Woody: Also, with Wes Anderson, there’s so much depth. You can see the films two or three times and there’s so many little subtle jokes or gags you didn’t pick up on the first time
Will: Steve McQueen’s amazing. He’s another. Shame is one of my favourite films; first time I went to see it, it ended and everyone was like “whoah”. There was total silence - it’s one of those films where you spend the next four hours thinking about it. All of his films actually.
Dan: They floor you
Will: Exactly, they floor you. It was a genius move to have Michael Fassbender in every film, that’s obviously going to do well.
Dan: I like those relationships though
Will: It’s like Tarantino and Samuel L Jackson
Dan: But I love with Tarantino that he flirts with that idea that all his films exist in this slightly weird parallel world, one where Uma Thurman can take her samurai sword on the plane with her, just tucked into her seat. Or in fact I think the plane seats had holsters for the samurai swords. Perfect.
What do you think your message is or do you think you have a message to young people or people in general?
Will: Recycle (hearty agreement by the others)

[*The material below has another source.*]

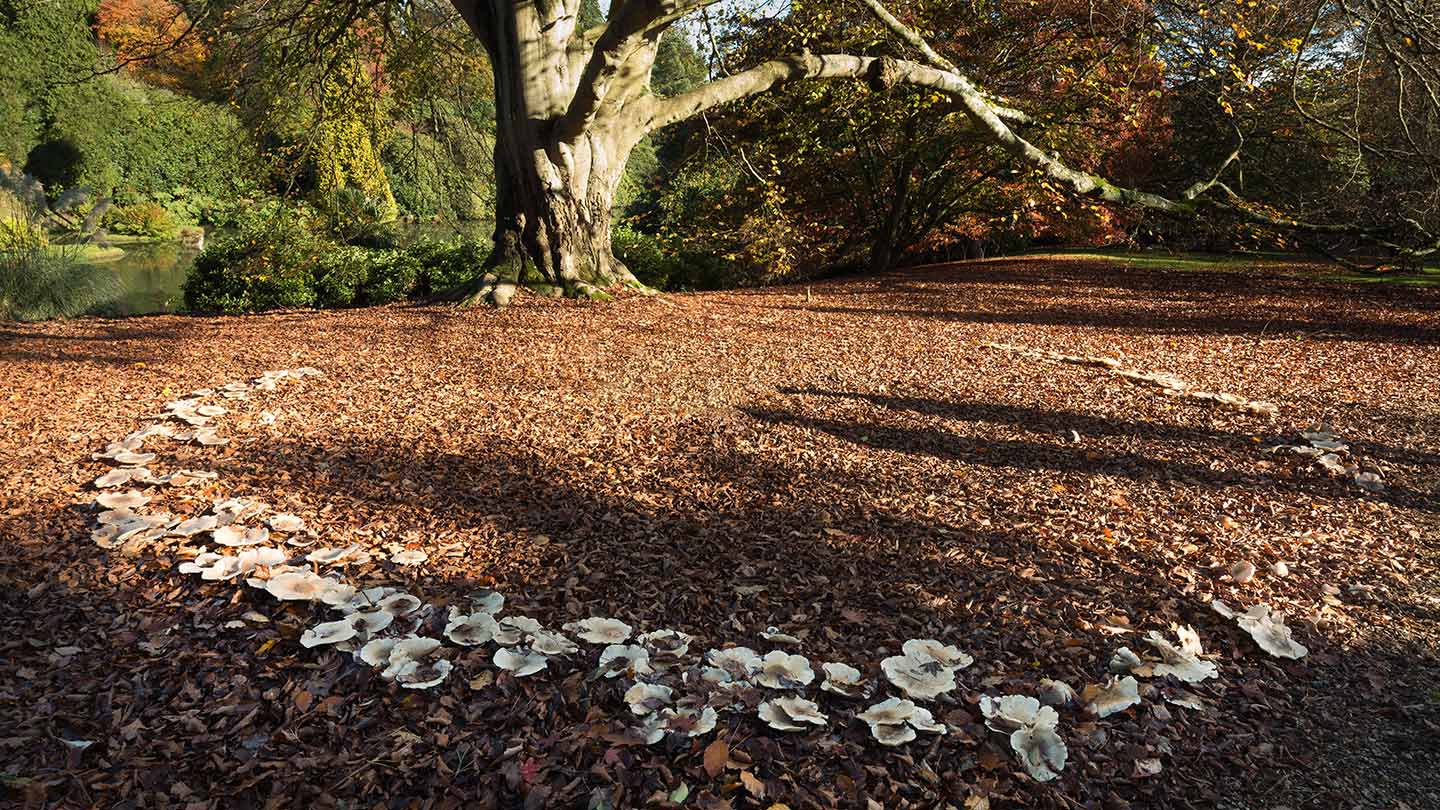 What Is A Fairy Ring And What Causes Them Woodland Trust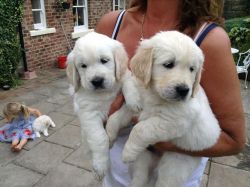 Golden Retrievers Puppies for Adoption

Dan: A message? I dunno. I think we very much just make music and make songs and make videos and stuff that we want people to interpret as they want. It’s not our job to impose our beliefs on anybody else. I think as people we have very strong views and opinions on things but it’s a real fine line to tread - this platform, however big or small, that we’ve made for ourselves, to just not take advantage of it, or take the piss… In this album we sort of gesture to things, but we very much just want whoever listening to into kind of bring what they think to it and interpret it how they want.
Woody: I guess I’d kind of like to be able to tell my younger self that the older you get the less you care what people think about you - just live your life, do what you wanna do, don’t spend your time worrying about it. So that.